Acho que a giria em BA para na minha é _ganar. Levantar _tem uma significação de _consumação, _mas _ganar _indica o ponto onde ainda o _levante _não acontenceu, mais a pessoa poder estar certa que vai acontecer. _Me gané una minita_ é uma giria muito comum em BA. Ganar tem muitas significações, mas, acho que nesta giria, _conquistar e captar la voluntad de alguien _são as mais importantes (http://buscon.rae.es/draeI/SrvltConsulta?TIPO_BUS=3&LEMA=ganar)


----------



## okporip

Fer BA said:


> Okporip:
> 
> Acho que a giria em BA para na minha é _ganar. Levantar _tem uma significação de _consumação, _mas _ganar _indica o ponto onde ainda o _levante _não acontenceu, mais a pessoa poder estar certa que vai acontecer. _Me gané una minita_ é uma giria muito comum em BA. Ganar tem muitas significações, mas, acho que nesta giria, _conquistar e captar la voluntad de alguien _são as mais importantes (http://buscon.rae.es/draeI/SrvltConsulta?TIPO_BUS=3&LEMA=ganar)

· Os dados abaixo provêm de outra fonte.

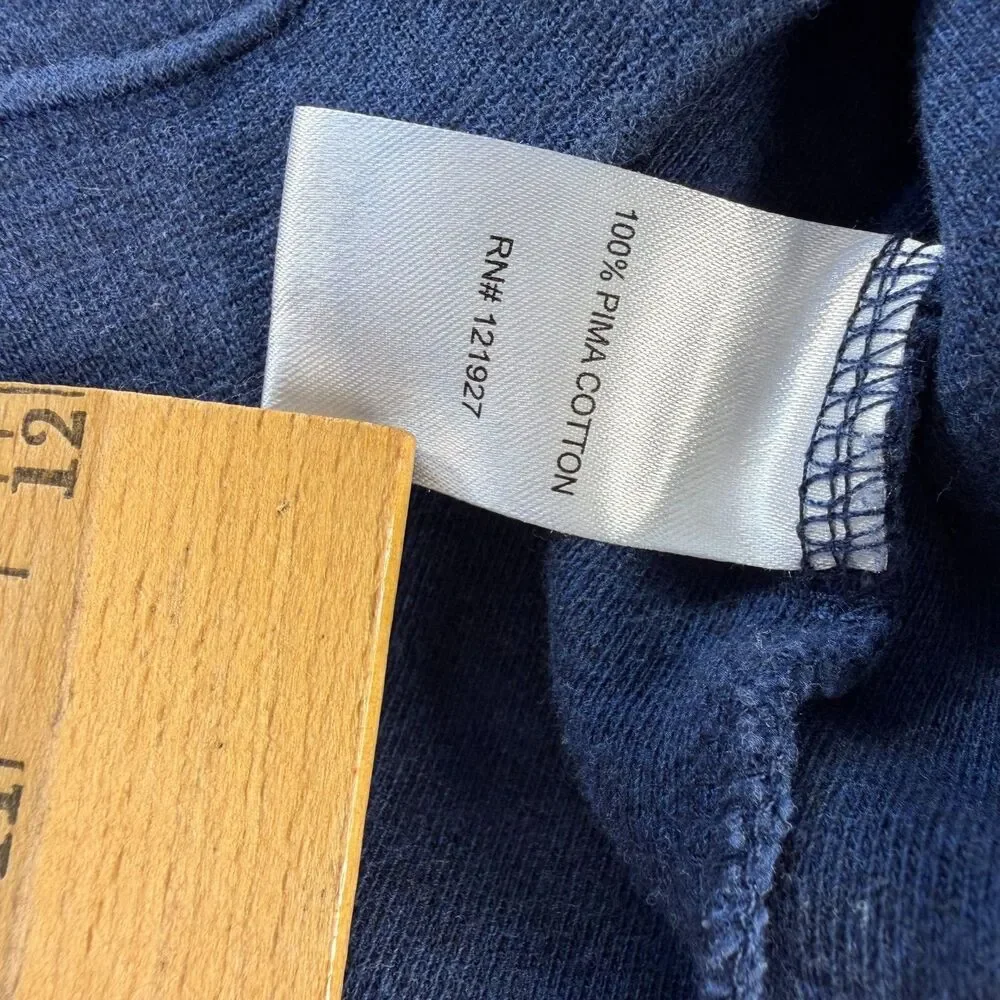 johnnie-O Boys Size 6 1/4 Zip Pullover Navy Blue 100% Pima Cotton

Considerando a contribuição do Fer (a quem agradeço por "abrir meus olhos" para o caráter unissex do "levante"), acho, então, que poderíamos arriscar algo como _será que te gané (te he ganado). _Mas vejam bem: não é que "na minha é_ ganar_"; até onde entendo, se alguém "(es)tá na minha", é porque "_yo le __gané_" (_conquisté y capté su voluntad)_.


----------